You are correct, if people want to risk their money then that is their right (providing they have been supplied all the legal warnings designed to protect people from losing money in a game they don't understand).

This service is the equivalent of putting an amateur chess player in front of Kasparov and suggesting they bet real money on winning because you taught them a basic opening move.


i don't think this company is suggesting anything of that kind, because this myth has been perpetuated since the start of retail financial markets, and possibly both the brokerages and other retail investors are to blame for this.

everyone in this thread here seems to have the common sense to say "don't try to compete in the same strategies as the HFT specialists". that's absolutely true.

but then this idea that financial markets cannot be anything else other than a HFT's playground doesn't seem to go away, even in this thread. that's not a fair assessment.

if you are a retail investor, if you pick a portfolio allocation appropriate to your risk appetite, if you pick a reallocation and reinvestment policy that you can get a good handle on, and you stick to it without fail, then you are half of the way to what pensions/insurances/savings plans implement for you, except now you don't pay fees, and you don't have to wait 20 years for the investment to "mature". in fact, because retail fees are so high, retail investors are better off using a minimal rebalancing policy: trading less, tweaking less, getting less fidgety about their trades - and that is a good thing. trading less and getting better returns usually comes together.

if you are happy with more risk, and you take controlled bets with options structures going out several weeks or a few months, you can get away with some good wins and a hopefully fewer losses and may still come out ok even after spreads/fees.

if you try to compete with HFTs on the sub second horizon without any of the equipment/services that the HFTs pay for, then you will lose. don't do that, that space is not for you.


> and people are free to trade however they want

Sort of. Until they trade too much too fast.

Pattern day trader https://en.wikipedia.org/wiki/Pattern_day_trader


I agree.

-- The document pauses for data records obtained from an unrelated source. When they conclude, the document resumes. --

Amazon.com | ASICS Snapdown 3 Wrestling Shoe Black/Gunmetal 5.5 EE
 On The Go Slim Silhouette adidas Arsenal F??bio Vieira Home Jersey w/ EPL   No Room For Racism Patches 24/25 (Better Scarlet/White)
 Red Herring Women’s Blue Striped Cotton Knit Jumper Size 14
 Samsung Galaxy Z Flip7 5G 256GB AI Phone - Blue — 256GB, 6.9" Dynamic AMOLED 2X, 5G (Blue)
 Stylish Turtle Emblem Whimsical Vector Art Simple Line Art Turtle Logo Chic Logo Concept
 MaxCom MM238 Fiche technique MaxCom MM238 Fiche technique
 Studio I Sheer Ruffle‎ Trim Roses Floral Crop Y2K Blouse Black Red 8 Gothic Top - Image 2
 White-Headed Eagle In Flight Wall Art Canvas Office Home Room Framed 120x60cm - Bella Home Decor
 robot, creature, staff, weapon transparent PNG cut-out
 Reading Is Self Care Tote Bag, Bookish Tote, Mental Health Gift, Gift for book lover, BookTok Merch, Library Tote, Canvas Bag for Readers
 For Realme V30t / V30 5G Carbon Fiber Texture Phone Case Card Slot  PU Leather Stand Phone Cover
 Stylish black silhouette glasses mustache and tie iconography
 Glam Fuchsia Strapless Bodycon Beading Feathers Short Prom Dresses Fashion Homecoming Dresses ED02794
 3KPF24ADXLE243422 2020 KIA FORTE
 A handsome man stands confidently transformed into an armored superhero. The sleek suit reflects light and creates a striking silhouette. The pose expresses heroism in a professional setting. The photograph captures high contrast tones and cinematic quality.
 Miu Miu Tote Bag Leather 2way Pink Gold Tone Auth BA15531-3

How can joe average compete with the resources of hedge funds which are doing the same thing at a much lower latency using more sophisticated mathematical methods, at a higher volume (so lower relative fees).

I am sure the idea is well intentioned but really it is just suckering people out of money in a similar way to forex robots etc.


It's not about outperforming those hedge funds, I think that is out of scope. They're not competing.

It's that average people (or anyone) can't time the market etc. so nevermind any advantages a quant firm might have, the rules that average person sets up with their IFTTT will be horrifically unwise.


That too!


I was thinking the same thing. Traders already play games with amature's stop-loss orders, etc... This just looks like a tool that unsavy investors will get themselves taken to the cleaners by professional traders.


> Traders already play games with amature's stop-loss orders, etc...

Can you elaborate?


There are many people who trade the market based on charts. Because the charts are well known, traders know what the sell signal is for a specific security. So, they will sell that security below the trigger so that all the suckers ... um ... people using IFTTT for the stock market will automatically sell the security. This will tank the stock presenting the pro trade with a buying opportunity.


I agree. I tell people all the time to not trade - they can't compete against computers.

It would help to further inform people of the advantages you maintain over regular folk.

How many signals do you track?

Are you using neural-nets?

What kind of computing power does your system use?

What's the latency of your connection?

etc..


I've actually made a couple of small killings in the last few years. I had one bomb (lost 20%) and even though I'm still up really well, I'm moving everything to index funds because that one loss eats at me.


How well did your quantitative hedge fund performed in 2008?


2008? who cares about 2008? i wanna know how they did in 2007.